To boost exports, the suppliers registered under Duty and Tax Remission for Export (DTRE) Rules and receiving payments from the direct exporters or export houses against a firm contract for supply of goods manufactured by them, are proposed to be subjected to the same rate of withholding tax as is applicable to the direct exporters.
In this way, the suppliers registered in the DTRE would be given status of exporters and would be treated within the presumptive tax regime.
In this regard, Vakil specified that tax rate to be applicable for such suppliers would be 0.75 per cent; 1 per cent and 1.5 per cent and there would be no assessment of these suppliers, but direct applications of above mentioned slabs.
The profit on prize bonds are subject to 7.5 per cent withholding tax, which would be extended in respect of prize on winning a quiz or prize offered by companies for promotion of sales for providing uniform treatment.
Presently, quiz programs and sale promotion schemes are not included within the purview of withholding tax liable to winning schemes, he added.
If a person wins gold or luxurious car, the CBR will determine the market value on the item and deduct 10 per cent withholding tax, Vakil added.
As far as the issuance of exemption certificates to the industrial units/manufacturers is concerned, the relevant provision of law has been amended to allow exemption certificate for a period of one year to the manufacturers, for the import of raw material, plant and machinery for their own use.
However, the facility would be available to only those units who are regularly paying advance tax.
Certain companies could not discharge their corporate asset tax liability within the time schedule prescribed in Corporate Assets Tax Act, 1991 on the basis of assets shown in balance sheet as on June 30, 1992.
The law provide for speedy dispute resolution; it is proposed to allow such taxpayers to discharge their corporate asset tax liability by making payment of principal amount only without payment of penalty and additional tax.
Vakil said that in order to close chapter of Corporate Assets Tax and put an end to past litigation, if any company pays principal amount, there would be no need to pay additional tax and penalty.

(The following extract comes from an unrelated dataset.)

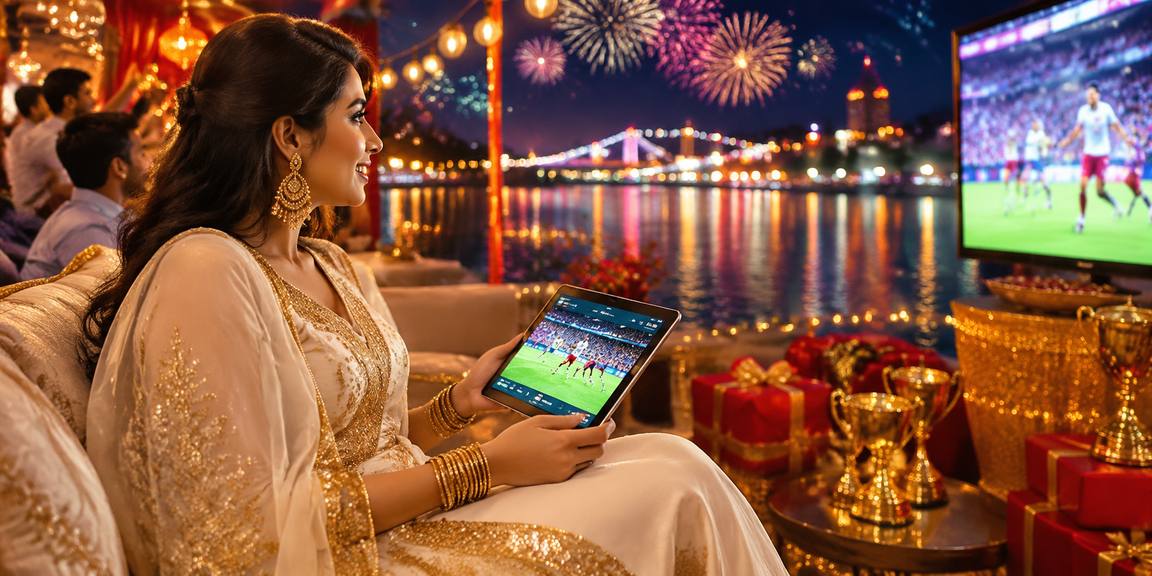 4876bet 4876bet অ্যাপ নিয়ে সব টেবিল ও স্লট পকেটে রাখুন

Usually, the principal amount of Rs 500,000 to Rs one million crosses the figure of Rs 5 million after slapping additional tax and penalties, which ultimately result in litigation.
The Member Direct Taxes added that the payment on account of construction contracts received by a resident person are subject to withholding tax rate at 5 per cent to 6 per cent.
To facilitate Pakistani construction contractors to actively participate in the re-construction activity of Iraq and Afghanistan side by side with international and multinational construction companies, it is proposed to tax them at a reduced rate of 1 per cent, which is applicable to engineering contracting services performed outside Pakistan.
Vakeel added that the CBR would also empower the Appellate Tribunal to stay demand for three months in suitable cases where an appeal is pending, whereas such a stay order would not exceed six months.